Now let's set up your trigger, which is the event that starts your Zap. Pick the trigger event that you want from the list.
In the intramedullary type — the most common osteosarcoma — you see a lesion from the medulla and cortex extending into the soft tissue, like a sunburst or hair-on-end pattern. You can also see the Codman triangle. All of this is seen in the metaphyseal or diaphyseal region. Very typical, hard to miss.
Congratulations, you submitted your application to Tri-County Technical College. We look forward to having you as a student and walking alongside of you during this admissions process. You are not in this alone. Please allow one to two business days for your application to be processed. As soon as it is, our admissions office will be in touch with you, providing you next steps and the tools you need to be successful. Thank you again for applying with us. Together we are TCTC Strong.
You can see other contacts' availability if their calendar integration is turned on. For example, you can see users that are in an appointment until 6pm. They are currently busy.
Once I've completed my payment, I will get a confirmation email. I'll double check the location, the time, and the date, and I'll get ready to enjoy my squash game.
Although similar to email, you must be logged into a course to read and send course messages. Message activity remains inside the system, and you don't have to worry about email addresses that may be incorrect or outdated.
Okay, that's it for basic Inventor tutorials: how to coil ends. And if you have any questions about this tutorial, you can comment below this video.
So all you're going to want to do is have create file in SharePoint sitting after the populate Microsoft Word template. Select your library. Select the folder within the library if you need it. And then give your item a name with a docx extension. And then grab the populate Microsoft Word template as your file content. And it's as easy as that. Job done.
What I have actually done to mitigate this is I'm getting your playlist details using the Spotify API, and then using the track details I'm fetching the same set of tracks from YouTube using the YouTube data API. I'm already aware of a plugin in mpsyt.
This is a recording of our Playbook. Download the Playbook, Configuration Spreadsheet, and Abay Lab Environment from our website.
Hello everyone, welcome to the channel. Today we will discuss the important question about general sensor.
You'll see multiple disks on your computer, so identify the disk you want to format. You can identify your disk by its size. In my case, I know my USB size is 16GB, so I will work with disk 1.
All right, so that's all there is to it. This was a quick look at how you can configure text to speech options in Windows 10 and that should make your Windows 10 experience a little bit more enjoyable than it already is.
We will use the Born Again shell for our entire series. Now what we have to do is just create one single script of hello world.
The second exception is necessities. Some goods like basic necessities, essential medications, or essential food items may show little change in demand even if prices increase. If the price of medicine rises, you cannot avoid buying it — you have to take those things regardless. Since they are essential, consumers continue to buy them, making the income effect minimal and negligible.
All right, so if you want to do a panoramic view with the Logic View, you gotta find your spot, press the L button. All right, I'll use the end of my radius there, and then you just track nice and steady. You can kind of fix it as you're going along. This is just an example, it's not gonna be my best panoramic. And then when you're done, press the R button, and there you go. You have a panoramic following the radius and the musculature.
- - - - -
* Work to be completed
Return every record in full, word for word.

* Response
Now let's set up your trigger, which is the event that starts your Zap. Pick the trigger event that you want from the list.
In the intramedullary type — the most common osteosarcoma — you see a lesion from the medulla and cortex extending into the soft tissue, like a sunburst or hair-on-end pattern. You can also see the Codman triangle. All of this is seen in the metaphyseal or diaphyseal region. Very typical, hard to miss.
Congratulations, you submitted your application to Tri-County Technical College. We look forward to having you as a student and walking alongside of you during this admissions process. You are not in this alone. Please allow one to two business days for your application to be processed. As soon as it is, our admissions office will be in touch with you, providing you next steps and the tools you need to be successful. Thank you again for applying with us. Together we are TCTC Strong.
You can see other contacts' availability if their calendar integration is turned on. For example, you can see users that are in an appointment until 6pm. They are currently busy.
Once I've completed my payment, I will get a confirmation email. I'll double check the location, the time, and the date, and I'll get ready to enjoy my squash game.
Although similar to email, you must be logged into a course to read and send course messages. Message activity remains inside the system, and you don't have to worry about email addresses that may be incorrect or outdated.
Okay, that's it for basic Inventor tutorials: how to coil ends. And if you have any questions about this tutorial, you can comment below this video.
So all you're going to want to do is have create file in SharePoint sitting after the populate Microsoft Word template. Select your library. Select the folder within the library if you need it. And then give your item a name with a docx extension. And then grab the populate Microsoft Word template as your file content. And it's as easy as that. Job done.
What I have actually done to mitigate this is I'm getting your playlist details using the Spotify API, and then using the track details I'm fetching the same set of tracks from YouTube using the YouTube data API. I'm already aware of a plugin in mpsyt.
This is a recording of our Playbook. Download the Playbook, Configuration Spreadsheet, and Abay Lab Environment from our website.
Hello everyone, welcome to the channel. Today we will discuss the important question about general sensor.
You'll see multiple disks on your computer, so identify the disk you want to format. You can identify your disk by its size. In my case, I know my USB size is 16GB, so I will work with disk 1.
All right, so that's all there is to it. This was a quick look at how you can configure text to speech options in Windows 10 and that should make your Windows 10 experience a little bit more enjoyable than it already is.
We will use the Born Again shell for our entire series. Now what we have to do is just create one single script of hello world.
The second exception is necessities. Some goods like basic necessities, essential medications, or essential food items may show little change in demand even if prices increase. If the price of medicine rises, you cannot avoid buying it — you have to take those things regardless. Since they are essential, consumers continue to buy them, making the income effect minimal and negligible.
All right, so if you want to do a panoramic view with the Logic View, you gotta find your spot, press the L button. All right, I'll use the end of my radius there, and then you just track nice and steady. You can kind of fix it as you're going along. This is just an example, it's not gonna be my best panoramic. And then when you're done, press the R button, and there you go. You have a panoramic following the radius and the musculature.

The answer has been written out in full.